ACTION ITEM:
For this exercise, the lines from the one with "Microsoft Family isn't" through the end of the material below must be output exactly, without pictures.

DATASET SECTION:
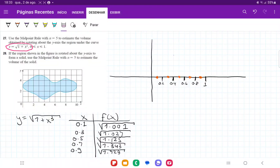For number 27, they want us to use the midpoint rule with n equal to 5 between 0 to 1 to rotate the curve y equal to the square root of 1 plus x cubed around the y-axis.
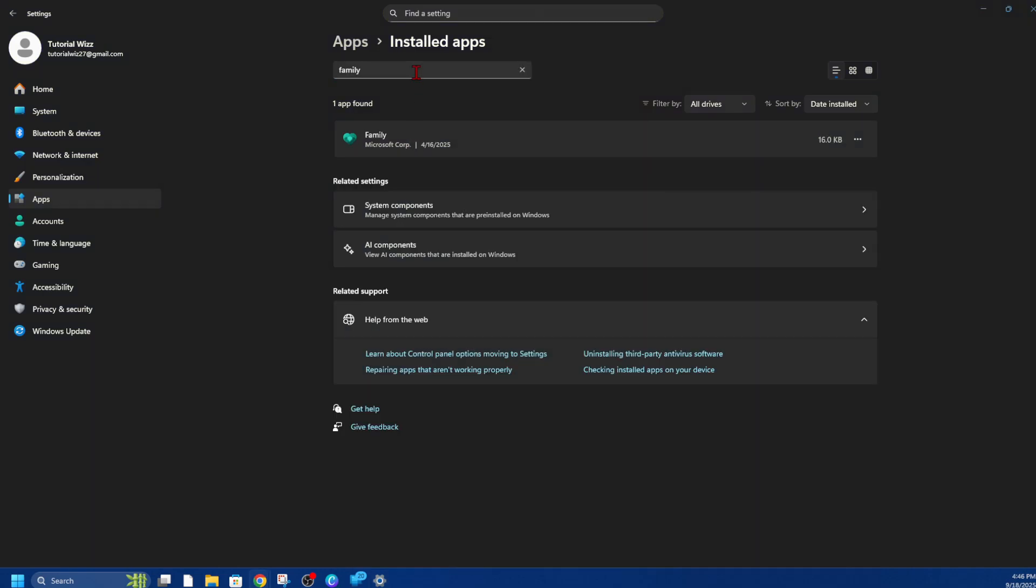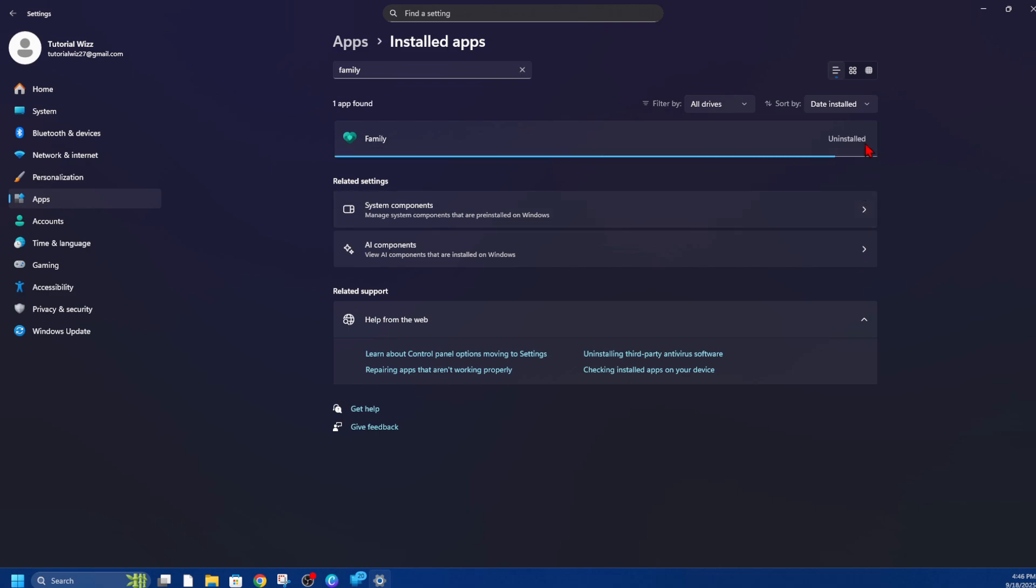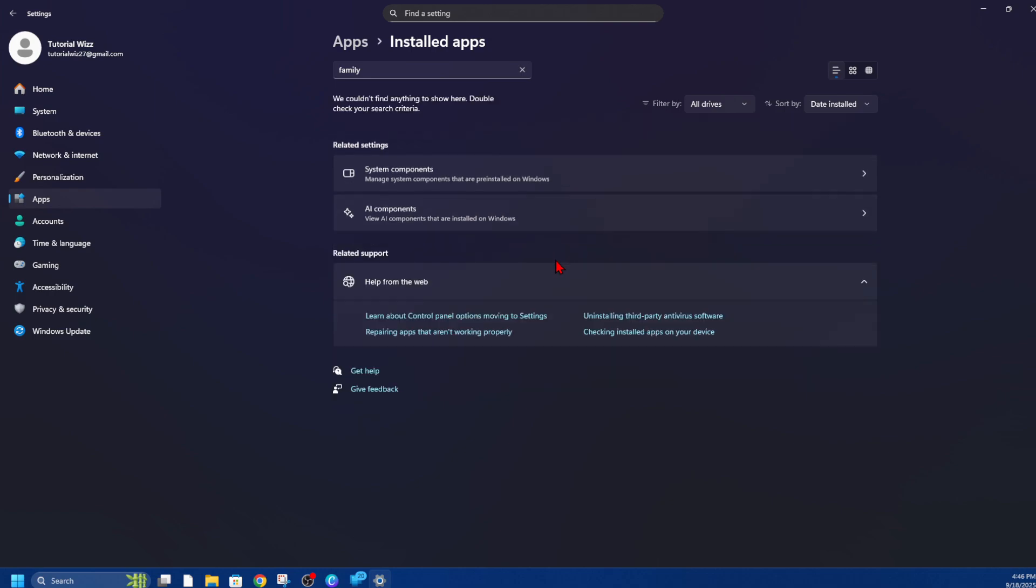Microsoft Family isn't coming up, so this is the one you want, Family. So from here, click on the three dots, go ahead and click on Uninstall. And then it'll say this app and its related info will be uninstalled. Click on Uninstall.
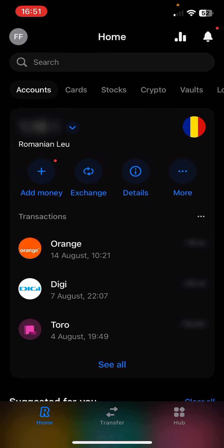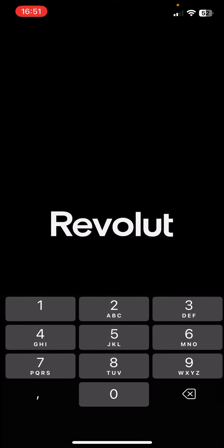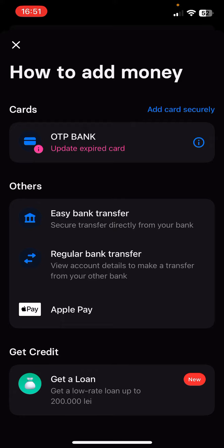After you open the app, you should see the add money option with that plus icon, so you have to click on it. After that, you should see in the others section the easy bank transfer and regular bank transfer option. Select the one that you prefer, then select the bank, and enter the amount of money that you would like to send to your Revolut account — and that's it.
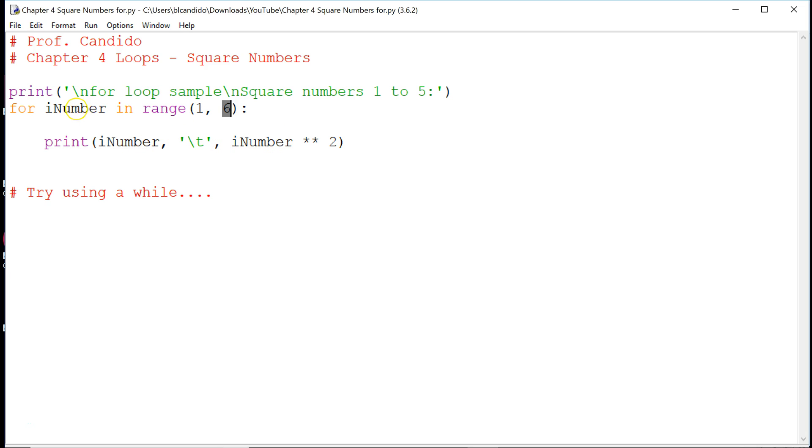And we come up, and we get 3, then 4, then 5, and we stop. So we're going to try doing a while next, and see if you could code that on your own.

WRITTEN SOLUTION:
Microsoft Family isn't coming up, so this is the one you want, Family. So from here, click on the three dots, go ahead and click on Uninstall. And then it'll say this app and its related info will be uninstalled. Click on Uninstall.
After you open the app, you should see the add money option with that plus icon, so you have to click on it. After that, you should see in the others section the easy bank transfer and regular bank transfer option. Select the one that you prefer, then select the bank, and enter the amount of money that you would like to send to your Revolut account — and that's it.
And we come up, and we get 3, then 4, then 5, and we stop. So we're going to try doing a while next, and see if you could code that on your own.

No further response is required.